Wenn die legislative Befugnis der Exekutive das Recht zur Gefangensetzung von Bürgern abtritt, die eine Kaution für ihr Verhalten stellen können, gibt es keine Freiheit mehr. Höchstens wenn sie verhaftet worden sind, um sich auf Grund einer Anklage wegen eines Verbrechens unverzüglich zu verantworten, auf das nach dem Gesetz die Todesstrafe steht. In solchem Fall sind sie tatsächlich frei, weil sie allein der Gewalt des Gesetzes unterstehen.

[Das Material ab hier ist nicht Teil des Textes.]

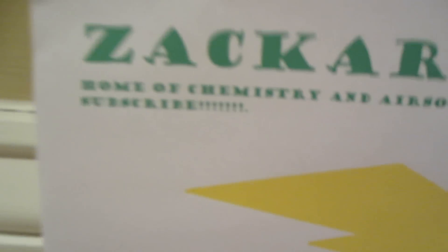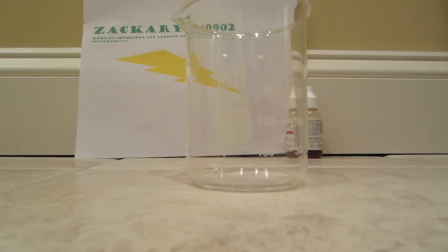Hello YouTube, this is another Zaffy040902 video. We are going to be doing a science video — another pH test on sodium carbonate.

Falls aber die legislative Befugnis sich infolge irgendeiner geheimen Verschwörung gegen den Staat oder infolge irgendeines Einverständnisses mit äußeren Feinden für gefährdet hielte, könnte sie der exekutiven Befugnis die Verhaftung verdächtiger Bürger für eine kurze und beschränkte Zeit gestatten. Die Betroffenen würden ihre Freiheit nur zeitweilig verlustig gehen, damit die Freiheit für immer bewahrt wird…..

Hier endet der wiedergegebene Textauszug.